Mendengar itu Hafiz merasa heran, dia menatap penuh tanda tanya dengan mengerutkan kening.
"Aku sama sekali tidak melihatmu kampungan. Aku merasa setiap Penampilanmu pasti elegan dan mempesona, aku suka," tegas Hafiz kemudian mengambil lalu melipat kemejanya.
"Kamu bohong lagi. Tolong jangan pura-pura."
"Siapa yang pura-pura aku tidak pura-pura. Aku mengatakan sesungguhnya," sahut Hafiz penuh tanda tanya ke Runia. "Tolong jangan diam lagi. Bicaralah apa yang sesungguhnya terjadi. Aku tidak pernah pura-pura dalam hubungan kita," jelas Hafiz namun Runia malah tersenyum remeh Hafiz semakin bingung.
"Aku ingin memperbaiki diri agar kamu suka kepadaku dan tidak berpura-pura," ujar Runia pelan sambil terus memandang suaminya. Suaranya pun mulai terpecah dan matanya sudah berkaca-kaca.
"Sudah kubilang aku tidak pura-pura. Kamu maksud kepura-puraan itu yang bagaimana lagi?! Kalau kamu tidak menjelaskan. Mana aku tahu letak kesalahanku. Please, jangan membuat teka-teki. Aku bukan dukun yang bisa meramal isi hatimu. Katakan saja apa letak kesalahanku dan kekuranganku," pinta Hafiz lalu duduk disamping Runia dan menggenggam erat tangan Runia.
Runia tidak berani menatap Hafiz yang sedang memandanginya.
"Malah menangis lagi." Hafiz kembali terlihat sangat emosi. Kemudian dia meredam diri dengan beristighfar di dalam hati.
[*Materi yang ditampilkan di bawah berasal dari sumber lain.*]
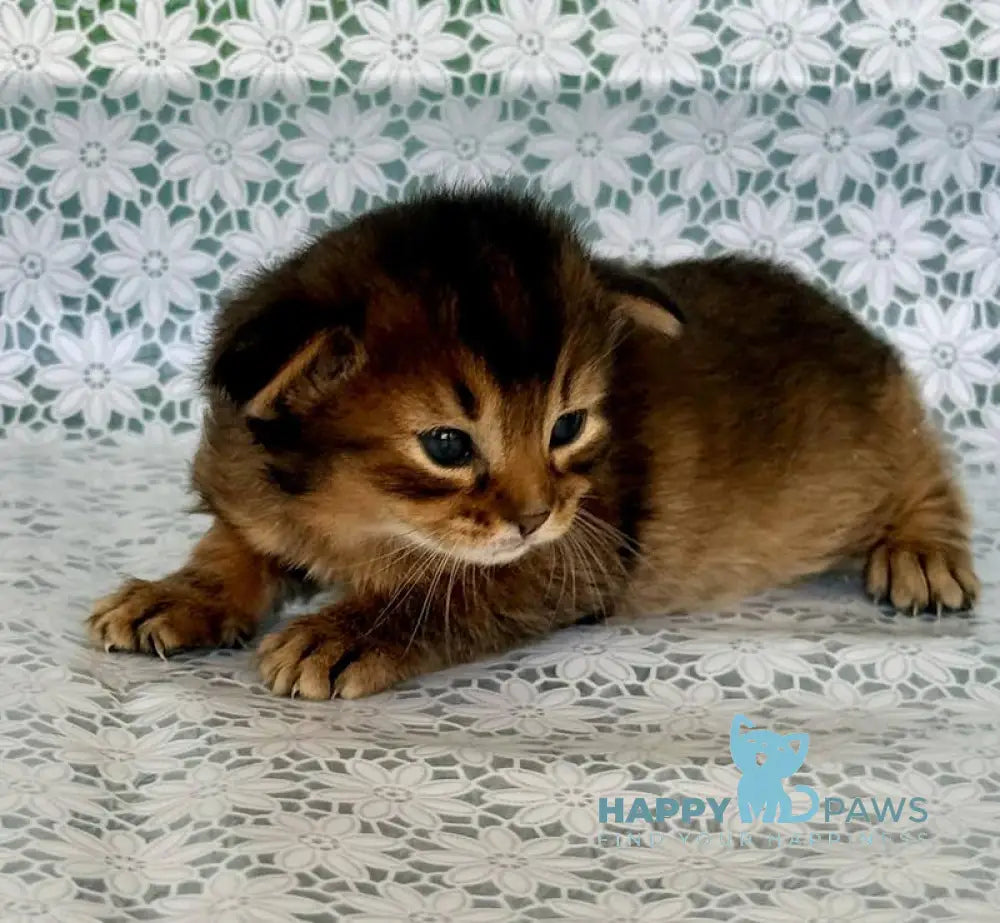 Raphael Somali male ruddy live animals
Runia masih tertegun dalam air mata bercucuran. Hafiz melihat jam di pergelangan tangannya. "Ini sudah waktunya kita pergi ke bandara. Kamu mau tetap di sini menangis seperti itu atau mengemas barang?!" tanya Hafiz yang segera bangun dan mengemas barang nya sendiri.
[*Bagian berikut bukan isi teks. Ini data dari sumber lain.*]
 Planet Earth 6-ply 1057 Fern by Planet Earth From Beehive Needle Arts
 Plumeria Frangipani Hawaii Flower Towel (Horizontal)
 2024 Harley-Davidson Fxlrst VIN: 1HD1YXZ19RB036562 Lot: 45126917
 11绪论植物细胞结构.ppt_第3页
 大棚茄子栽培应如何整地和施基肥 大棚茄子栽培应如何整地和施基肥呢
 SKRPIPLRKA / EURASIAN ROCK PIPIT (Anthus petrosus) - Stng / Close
'Kurang bagaimana lagi coba aku. Memang wanita itu diamnya sangat menyiksa. Dia tidak mengatakan apapun malah sepertinya menuduhku,' umpat Hafiz dalam hati.
Runia segera bangun dan mengemas barangnya. Keduanya tidak saling berbicara ketika mengemas barang.
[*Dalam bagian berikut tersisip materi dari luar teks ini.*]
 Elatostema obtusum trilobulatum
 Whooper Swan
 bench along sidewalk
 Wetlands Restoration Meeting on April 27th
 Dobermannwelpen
'Walaupun dengan marah dia tetap mau ikut denganku. Alhamdulillah sih, takutnya pikiran bibit macam-macam kepadaku,' bicaranya dalam hati bersyukur. Habis duduk di pinggir ranjang sambil mengecek ponselnya.
[Aku akan terbang satu jam lagi. Paman sudah pulang dari rumah sakit kan? Kamu juga harus menyiapkan mentalmu. Aku sebagai Kakak hanya bisa mendoakanmu agar kamu merubah Dirga menjadi sosok pria yang setia kepada satu wanita. Jangan menangis, aku tahu kamu menangis saat ini.]
Hafiz mengirimkan pesan lewat whatsapp. Runia melihat kesedihan dari wajah Hafiz, dengan alis Hafiz yang menurun serta napas berat yang baru saja dihembuskan.
"Sudah siap? Kalau sudah ayo pergi. Oh ya, tadi sudah minum vitamin atau obat belum?" tanya Hafiz sedikit cemas.
"Kamu takut aku menyusahkanmu?" Pertanyaan Runia itu membuat Hafiz berdiri dan sangat kesal.
"Apa kamu tidak bisa tidak berburuk sangka kepadaku. Aku tanya baik-baik loh, kamu malah jawabnya seperti itu. Apa kamu tidak melihat jika aku peduli kepadamu. Apa kamu tidak melihat kalau aku bersungguh-sungguh bukannya aku berpura-pura. Setelah aku mengucapkan ikrar suci aku berniat, bahkan aku berjanji, untuk belajar menerimamu apa adanya. Ingin aku mencintaimu. Est ... sudahlah. Percuma berbicara denganmu, kalau sudah siap ayo pergi. Aku tunggu di mobil."
Setelah mengatakan itu Hafiz segera membawa kopernya dan keluar dari kamar. Dengan wajah memerah karena marah Runia harus mengendalikan dirinya.
Runia pergi ke kamar mandi untuk membersihkan diri lama dia keluar. Dia mengenakan dress panjang di bawah sedengkul, lalu legging panjang warna hitam. Hijab pasmina warna abu-abu.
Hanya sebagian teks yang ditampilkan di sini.